The output should match, line for line, the records from the line containing "Saved By Grace T-Shirt" through the line containing "Tammy Payne - Free", with every picture left out.

==== Provided data

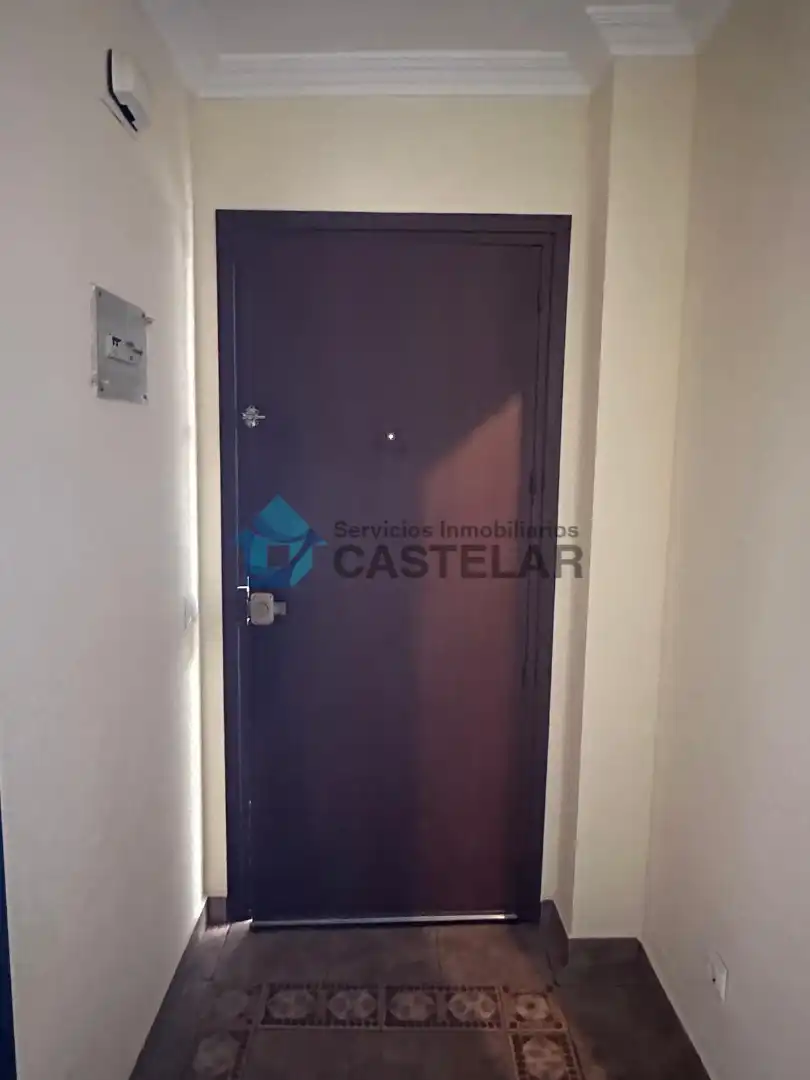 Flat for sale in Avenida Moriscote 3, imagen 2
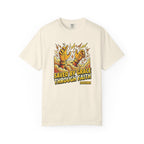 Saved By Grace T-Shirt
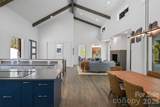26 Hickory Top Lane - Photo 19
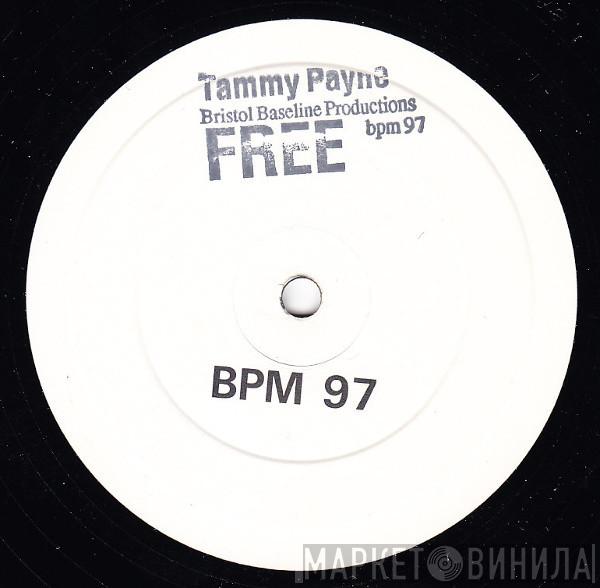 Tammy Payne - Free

========
==== Provided data

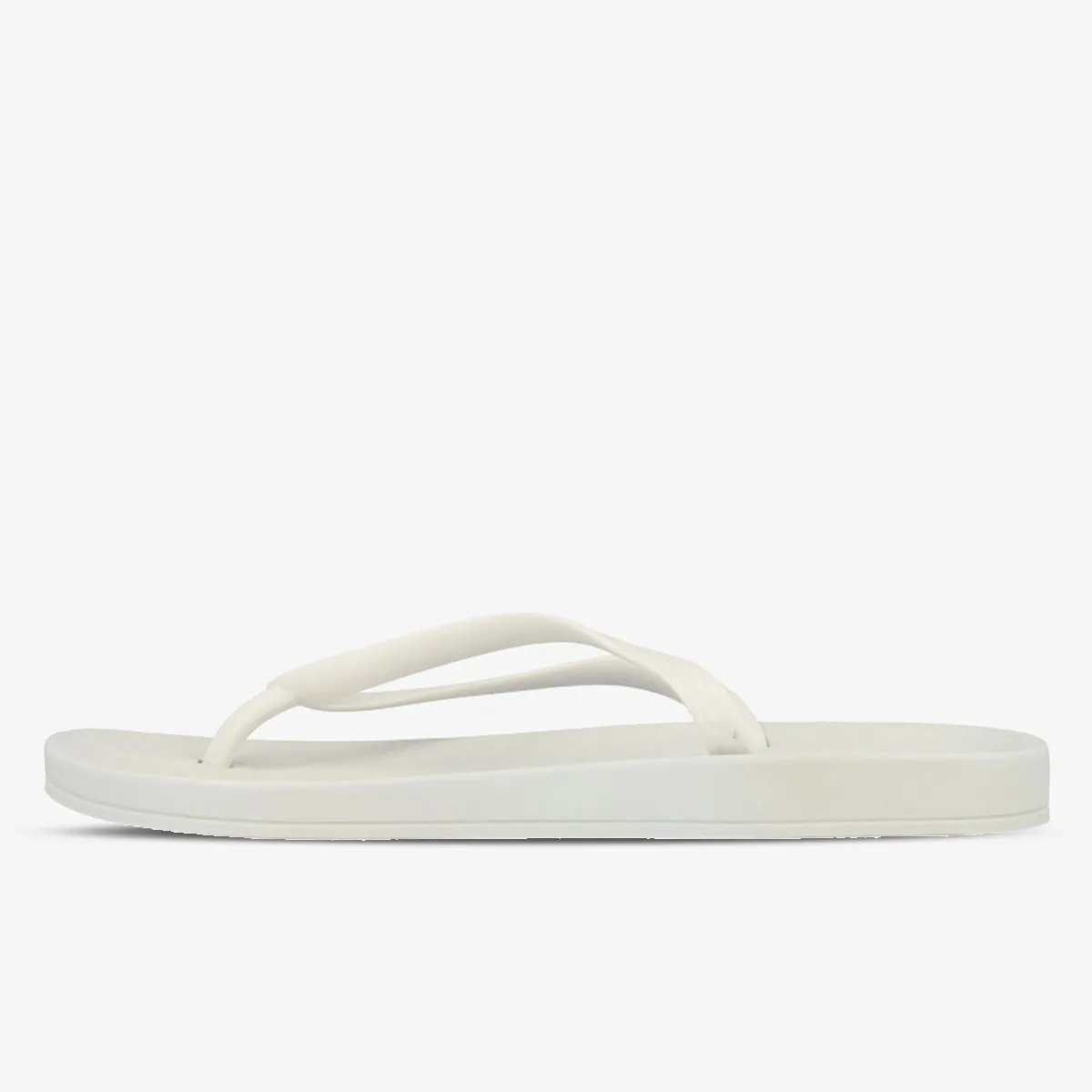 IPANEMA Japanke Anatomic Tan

========

*Reply*.
 Saved By Grace T-Shirt
26 Hickory Top Lane - Photo 19
 Tammy Payne - Free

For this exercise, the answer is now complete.